EXERCISE DATA |
Content starts

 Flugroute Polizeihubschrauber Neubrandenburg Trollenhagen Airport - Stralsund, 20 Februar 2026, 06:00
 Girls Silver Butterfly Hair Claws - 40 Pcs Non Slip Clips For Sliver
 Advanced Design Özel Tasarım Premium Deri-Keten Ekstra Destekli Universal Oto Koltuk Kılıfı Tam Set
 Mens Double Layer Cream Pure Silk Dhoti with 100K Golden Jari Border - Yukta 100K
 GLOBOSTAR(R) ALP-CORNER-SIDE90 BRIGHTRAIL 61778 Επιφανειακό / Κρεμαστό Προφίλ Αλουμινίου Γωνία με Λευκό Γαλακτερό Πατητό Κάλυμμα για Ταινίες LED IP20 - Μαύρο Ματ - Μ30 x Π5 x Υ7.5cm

Content ends
Content starts

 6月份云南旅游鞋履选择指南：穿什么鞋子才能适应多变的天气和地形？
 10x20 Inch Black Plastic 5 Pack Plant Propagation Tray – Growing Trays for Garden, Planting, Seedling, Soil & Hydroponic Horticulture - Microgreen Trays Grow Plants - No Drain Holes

Content ends

PROBLEM REQUIREMENTS |
From the records above, print only the lines between the one holding "6月份云南旅游鞋履选择指南：穿什么鞋子才能适应多变的天气和地形？" and the one holding "10x20 Inch Black", inclusive, exactly as they stand.

FINAL ANSWER |
 6月份云南旅游鞋履选择指南：穿什么鞋子才能适应多变的天气和地形？
 10x20 Inch Black Plastic 5 Pack Plant Propagation Tray – Growing Trays for Garden, Planting, Seedling, Soil & Hydroponic Horticulture - Microgreen Trays Grow Plants - No Drain Holes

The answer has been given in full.